Task statement: What do the lines say from the start of the entries through the one containing "70 91 0616 SWAG Гальмівний диск"? Repeat them exactly.
-- The records follows --
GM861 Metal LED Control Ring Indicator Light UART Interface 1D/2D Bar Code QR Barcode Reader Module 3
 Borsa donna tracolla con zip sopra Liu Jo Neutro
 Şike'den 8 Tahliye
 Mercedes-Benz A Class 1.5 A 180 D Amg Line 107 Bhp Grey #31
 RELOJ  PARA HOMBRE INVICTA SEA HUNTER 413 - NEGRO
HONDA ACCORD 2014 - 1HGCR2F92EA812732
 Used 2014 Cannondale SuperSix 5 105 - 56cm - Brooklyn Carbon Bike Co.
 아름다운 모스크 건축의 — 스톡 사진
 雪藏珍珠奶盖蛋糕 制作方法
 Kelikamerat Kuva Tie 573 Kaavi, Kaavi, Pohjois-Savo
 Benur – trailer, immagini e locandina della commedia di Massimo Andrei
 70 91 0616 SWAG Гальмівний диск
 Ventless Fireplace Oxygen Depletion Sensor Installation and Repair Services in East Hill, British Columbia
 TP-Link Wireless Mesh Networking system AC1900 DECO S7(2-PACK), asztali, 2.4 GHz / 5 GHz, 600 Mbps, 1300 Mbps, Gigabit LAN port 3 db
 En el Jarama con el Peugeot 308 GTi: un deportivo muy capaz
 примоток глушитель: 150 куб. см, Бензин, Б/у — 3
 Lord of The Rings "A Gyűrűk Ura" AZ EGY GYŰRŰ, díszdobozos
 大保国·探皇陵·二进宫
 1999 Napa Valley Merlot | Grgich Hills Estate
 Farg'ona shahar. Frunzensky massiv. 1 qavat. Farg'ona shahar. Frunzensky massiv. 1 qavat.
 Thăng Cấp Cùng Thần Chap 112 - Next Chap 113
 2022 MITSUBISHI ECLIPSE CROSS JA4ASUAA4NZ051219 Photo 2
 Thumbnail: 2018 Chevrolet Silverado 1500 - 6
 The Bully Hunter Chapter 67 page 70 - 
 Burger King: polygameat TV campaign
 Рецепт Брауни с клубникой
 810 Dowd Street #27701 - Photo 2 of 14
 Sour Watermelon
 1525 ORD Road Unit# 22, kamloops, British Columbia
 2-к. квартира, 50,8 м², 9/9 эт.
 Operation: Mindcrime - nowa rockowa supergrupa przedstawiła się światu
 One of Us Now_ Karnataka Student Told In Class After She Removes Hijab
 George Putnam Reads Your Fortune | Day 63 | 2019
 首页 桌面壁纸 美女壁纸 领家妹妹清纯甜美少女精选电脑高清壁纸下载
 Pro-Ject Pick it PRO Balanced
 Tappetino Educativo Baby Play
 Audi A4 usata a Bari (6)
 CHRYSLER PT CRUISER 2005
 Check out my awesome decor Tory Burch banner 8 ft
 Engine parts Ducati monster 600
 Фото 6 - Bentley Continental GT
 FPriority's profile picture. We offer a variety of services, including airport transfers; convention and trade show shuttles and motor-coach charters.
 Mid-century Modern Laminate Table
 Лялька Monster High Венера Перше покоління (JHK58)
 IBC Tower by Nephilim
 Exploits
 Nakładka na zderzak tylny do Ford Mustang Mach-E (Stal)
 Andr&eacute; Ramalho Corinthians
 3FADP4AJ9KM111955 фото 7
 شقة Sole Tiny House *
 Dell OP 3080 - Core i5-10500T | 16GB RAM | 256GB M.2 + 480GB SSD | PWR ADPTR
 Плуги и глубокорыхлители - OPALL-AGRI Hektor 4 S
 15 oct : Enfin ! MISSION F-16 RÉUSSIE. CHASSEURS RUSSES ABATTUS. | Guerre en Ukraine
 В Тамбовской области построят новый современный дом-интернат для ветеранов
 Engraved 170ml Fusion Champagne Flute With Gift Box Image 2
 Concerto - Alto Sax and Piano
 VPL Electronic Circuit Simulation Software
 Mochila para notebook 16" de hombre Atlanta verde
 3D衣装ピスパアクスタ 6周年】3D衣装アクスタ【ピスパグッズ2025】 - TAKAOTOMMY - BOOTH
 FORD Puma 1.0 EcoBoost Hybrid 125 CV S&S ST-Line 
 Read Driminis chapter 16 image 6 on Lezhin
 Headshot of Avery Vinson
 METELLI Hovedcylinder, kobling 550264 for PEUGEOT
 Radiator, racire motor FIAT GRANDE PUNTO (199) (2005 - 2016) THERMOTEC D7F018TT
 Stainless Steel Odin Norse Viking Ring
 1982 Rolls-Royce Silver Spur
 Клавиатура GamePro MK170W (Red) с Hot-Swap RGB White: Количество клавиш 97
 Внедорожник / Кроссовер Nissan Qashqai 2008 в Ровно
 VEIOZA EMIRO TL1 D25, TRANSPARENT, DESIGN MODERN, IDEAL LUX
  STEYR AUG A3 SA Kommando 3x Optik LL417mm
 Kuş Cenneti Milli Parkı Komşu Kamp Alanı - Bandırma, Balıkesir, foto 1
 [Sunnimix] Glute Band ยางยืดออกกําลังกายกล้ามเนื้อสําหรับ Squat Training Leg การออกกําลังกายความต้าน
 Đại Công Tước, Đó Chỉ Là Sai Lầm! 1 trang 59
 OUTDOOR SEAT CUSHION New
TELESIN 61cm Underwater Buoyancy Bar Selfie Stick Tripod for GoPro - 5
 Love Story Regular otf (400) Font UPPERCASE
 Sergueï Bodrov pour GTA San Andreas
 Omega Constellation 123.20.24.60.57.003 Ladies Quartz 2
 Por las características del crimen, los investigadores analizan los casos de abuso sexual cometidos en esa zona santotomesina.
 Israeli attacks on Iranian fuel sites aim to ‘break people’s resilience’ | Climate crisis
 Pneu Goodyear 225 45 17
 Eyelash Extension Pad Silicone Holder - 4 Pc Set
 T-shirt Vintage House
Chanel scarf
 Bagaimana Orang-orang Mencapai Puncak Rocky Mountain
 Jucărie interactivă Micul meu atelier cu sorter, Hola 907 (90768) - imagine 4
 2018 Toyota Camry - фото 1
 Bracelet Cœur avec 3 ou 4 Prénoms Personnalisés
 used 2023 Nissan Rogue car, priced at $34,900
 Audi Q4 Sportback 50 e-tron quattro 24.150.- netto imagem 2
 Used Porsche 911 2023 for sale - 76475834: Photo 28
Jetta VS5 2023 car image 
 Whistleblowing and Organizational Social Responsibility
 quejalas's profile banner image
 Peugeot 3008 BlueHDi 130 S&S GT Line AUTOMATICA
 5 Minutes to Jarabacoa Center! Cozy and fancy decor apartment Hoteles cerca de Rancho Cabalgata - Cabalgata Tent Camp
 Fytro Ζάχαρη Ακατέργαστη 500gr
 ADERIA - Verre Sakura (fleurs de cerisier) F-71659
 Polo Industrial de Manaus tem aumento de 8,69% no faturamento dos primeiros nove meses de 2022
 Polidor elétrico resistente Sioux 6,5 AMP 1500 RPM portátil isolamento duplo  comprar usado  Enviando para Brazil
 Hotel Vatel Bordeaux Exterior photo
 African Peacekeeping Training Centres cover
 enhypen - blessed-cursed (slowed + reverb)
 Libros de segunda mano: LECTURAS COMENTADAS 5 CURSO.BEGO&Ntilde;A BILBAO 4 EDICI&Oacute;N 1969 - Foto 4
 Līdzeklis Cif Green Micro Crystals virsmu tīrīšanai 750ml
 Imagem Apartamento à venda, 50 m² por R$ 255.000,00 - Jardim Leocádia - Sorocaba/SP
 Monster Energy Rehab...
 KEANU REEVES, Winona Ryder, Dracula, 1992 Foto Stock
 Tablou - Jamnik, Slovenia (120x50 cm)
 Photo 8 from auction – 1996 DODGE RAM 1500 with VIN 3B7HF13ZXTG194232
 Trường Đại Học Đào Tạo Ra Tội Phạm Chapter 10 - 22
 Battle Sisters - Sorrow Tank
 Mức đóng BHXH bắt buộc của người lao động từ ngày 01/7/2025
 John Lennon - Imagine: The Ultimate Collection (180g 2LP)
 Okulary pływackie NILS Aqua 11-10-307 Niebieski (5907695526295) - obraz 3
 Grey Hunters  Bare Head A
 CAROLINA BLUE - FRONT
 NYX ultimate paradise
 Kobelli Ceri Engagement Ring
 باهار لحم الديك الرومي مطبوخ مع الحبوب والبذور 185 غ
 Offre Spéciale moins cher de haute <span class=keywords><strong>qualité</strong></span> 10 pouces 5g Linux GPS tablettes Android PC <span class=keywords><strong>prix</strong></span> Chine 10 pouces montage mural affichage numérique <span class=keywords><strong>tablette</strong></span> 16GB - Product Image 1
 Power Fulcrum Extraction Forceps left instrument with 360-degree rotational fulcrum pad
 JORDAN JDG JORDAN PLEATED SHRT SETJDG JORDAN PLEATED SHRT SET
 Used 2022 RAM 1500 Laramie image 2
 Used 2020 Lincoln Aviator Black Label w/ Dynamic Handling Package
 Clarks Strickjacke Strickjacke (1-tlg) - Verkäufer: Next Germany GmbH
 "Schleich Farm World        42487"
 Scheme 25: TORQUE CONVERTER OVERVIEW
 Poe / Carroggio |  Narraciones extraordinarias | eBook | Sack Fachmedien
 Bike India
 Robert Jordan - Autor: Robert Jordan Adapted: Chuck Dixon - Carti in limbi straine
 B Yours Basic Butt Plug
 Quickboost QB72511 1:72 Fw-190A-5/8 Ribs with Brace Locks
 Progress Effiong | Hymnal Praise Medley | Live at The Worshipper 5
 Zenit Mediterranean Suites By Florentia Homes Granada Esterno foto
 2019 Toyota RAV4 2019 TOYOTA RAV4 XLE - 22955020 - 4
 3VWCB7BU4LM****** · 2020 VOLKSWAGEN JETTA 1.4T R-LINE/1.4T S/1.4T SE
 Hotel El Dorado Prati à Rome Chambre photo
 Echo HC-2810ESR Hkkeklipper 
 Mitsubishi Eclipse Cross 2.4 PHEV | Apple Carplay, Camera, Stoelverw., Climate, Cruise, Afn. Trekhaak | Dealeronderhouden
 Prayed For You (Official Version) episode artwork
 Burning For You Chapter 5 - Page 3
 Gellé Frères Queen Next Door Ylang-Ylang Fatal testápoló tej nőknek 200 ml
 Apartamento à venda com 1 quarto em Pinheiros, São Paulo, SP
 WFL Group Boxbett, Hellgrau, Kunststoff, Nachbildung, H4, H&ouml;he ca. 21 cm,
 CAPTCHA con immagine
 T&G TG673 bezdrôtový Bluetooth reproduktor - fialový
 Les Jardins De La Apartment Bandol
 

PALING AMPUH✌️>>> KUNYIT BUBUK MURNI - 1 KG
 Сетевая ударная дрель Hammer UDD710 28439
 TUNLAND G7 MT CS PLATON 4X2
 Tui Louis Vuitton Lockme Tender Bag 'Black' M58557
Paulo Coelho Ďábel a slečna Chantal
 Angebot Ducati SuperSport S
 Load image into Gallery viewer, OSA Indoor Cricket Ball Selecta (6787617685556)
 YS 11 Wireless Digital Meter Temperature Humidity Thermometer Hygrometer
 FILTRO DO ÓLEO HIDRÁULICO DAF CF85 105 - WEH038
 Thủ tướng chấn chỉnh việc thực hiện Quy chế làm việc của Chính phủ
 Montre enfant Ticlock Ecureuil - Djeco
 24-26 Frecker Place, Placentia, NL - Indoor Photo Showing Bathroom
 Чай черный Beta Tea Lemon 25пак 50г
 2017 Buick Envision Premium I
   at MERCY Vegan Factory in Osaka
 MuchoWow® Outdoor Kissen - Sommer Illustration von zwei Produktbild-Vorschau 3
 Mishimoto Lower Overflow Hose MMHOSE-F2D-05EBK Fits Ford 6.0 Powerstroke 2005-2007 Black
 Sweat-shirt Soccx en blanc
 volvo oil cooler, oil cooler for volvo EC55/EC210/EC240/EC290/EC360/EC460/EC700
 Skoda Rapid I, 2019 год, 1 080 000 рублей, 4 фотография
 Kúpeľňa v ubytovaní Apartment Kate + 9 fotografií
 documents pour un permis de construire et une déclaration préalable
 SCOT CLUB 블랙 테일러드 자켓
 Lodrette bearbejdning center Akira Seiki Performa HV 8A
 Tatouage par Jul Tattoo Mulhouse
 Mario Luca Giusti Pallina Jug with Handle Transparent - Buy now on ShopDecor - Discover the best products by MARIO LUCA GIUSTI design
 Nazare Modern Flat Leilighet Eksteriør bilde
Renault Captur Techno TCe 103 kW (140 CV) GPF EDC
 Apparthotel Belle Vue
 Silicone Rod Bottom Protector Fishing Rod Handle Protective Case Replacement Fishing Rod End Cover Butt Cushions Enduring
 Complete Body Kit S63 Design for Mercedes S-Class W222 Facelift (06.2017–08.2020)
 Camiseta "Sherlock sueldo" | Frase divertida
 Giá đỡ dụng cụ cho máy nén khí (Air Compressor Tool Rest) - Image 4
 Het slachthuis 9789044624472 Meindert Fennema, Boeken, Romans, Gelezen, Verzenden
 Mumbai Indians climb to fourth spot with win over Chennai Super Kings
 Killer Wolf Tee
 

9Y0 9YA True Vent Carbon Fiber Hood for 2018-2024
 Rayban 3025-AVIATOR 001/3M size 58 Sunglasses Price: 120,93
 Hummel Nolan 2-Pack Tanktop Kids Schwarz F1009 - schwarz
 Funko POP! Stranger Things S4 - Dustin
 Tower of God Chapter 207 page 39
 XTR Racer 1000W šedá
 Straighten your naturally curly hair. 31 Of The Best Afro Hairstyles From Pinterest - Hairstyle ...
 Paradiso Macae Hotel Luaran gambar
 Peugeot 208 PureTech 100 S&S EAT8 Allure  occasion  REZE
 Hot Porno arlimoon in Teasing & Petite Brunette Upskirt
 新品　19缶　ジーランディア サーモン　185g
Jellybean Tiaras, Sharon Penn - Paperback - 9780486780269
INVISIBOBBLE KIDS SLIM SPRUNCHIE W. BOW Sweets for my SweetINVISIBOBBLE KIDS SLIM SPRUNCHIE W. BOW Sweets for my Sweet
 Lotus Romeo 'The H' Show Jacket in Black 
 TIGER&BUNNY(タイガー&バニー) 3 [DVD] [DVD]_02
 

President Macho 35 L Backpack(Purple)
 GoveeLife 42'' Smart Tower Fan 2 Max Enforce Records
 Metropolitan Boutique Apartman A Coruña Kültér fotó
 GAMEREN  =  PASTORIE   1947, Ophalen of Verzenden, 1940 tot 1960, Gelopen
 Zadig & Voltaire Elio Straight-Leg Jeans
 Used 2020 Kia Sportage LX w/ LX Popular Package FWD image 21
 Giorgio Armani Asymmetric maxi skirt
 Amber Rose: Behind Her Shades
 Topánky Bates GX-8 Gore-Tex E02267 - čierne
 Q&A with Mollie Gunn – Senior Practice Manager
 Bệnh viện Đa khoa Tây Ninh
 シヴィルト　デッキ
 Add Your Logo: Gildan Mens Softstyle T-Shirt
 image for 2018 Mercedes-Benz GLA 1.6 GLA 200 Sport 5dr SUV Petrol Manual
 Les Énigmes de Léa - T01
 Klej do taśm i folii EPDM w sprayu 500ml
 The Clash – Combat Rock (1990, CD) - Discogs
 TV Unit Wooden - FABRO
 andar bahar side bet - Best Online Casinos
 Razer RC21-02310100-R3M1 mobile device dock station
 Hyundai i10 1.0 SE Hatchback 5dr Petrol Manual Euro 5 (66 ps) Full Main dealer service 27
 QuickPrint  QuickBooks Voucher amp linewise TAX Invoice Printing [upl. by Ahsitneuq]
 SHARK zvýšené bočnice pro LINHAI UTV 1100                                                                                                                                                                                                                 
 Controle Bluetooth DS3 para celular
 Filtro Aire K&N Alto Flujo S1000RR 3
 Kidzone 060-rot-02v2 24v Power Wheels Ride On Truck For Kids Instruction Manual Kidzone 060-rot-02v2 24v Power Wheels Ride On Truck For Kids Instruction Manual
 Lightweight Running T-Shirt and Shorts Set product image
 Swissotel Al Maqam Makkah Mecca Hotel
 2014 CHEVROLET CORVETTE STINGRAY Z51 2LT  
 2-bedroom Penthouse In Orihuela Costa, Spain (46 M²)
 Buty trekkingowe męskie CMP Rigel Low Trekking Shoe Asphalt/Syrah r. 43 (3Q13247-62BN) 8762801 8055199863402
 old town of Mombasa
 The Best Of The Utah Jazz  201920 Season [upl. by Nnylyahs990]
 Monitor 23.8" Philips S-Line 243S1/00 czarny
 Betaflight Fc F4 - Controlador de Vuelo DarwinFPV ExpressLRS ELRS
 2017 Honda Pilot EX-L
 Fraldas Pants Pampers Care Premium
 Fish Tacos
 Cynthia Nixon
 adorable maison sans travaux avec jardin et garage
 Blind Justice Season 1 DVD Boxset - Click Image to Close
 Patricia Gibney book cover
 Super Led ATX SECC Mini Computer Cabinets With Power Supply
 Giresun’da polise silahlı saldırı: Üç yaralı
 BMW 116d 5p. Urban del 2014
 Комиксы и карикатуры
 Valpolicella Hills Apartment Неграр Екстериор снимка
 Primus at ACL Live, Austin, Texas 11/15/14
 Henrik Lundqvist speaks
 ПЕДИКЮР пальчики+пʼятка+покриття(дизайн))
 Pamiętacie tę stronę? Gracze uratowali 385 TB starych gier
-- The records concluded --
Answer space:
GM861 Metal LED Control Ring Indicator Light UART Interface 1D/2D Bar Code QR Barcode Reader Module 3
 Borsa donna tracolla con zip sopra Liu Jo Neutro
 Şike'den 8 Tahliye
 Mercedes-Benz A Class 1.5 A 180 D Amg Line 107 Bhp Grey #31
 RELOJ  PARA HOMBRE INVICTA SEA HUNTER 413 - NEGRO
HONDA ACCORD 2014 - 1HGCR2F92EA812732
 Used 2014 Cannondale SuperSix 5 105 - 56cm - Brooklyn Carbon Bike Co.
 아름다운 모스크 건축의 — 스톡 사진
 雪藏珍珠奶盖蛋糕 制作方法
 Kelikamerat Kuva Tie 573 Kaavi, Kaavi, Pohjois-Savo
 Benur – trailer, immagini e locandina della commedia di Massimo Andrei
 70 91 0616 SWAG Гальмівний диск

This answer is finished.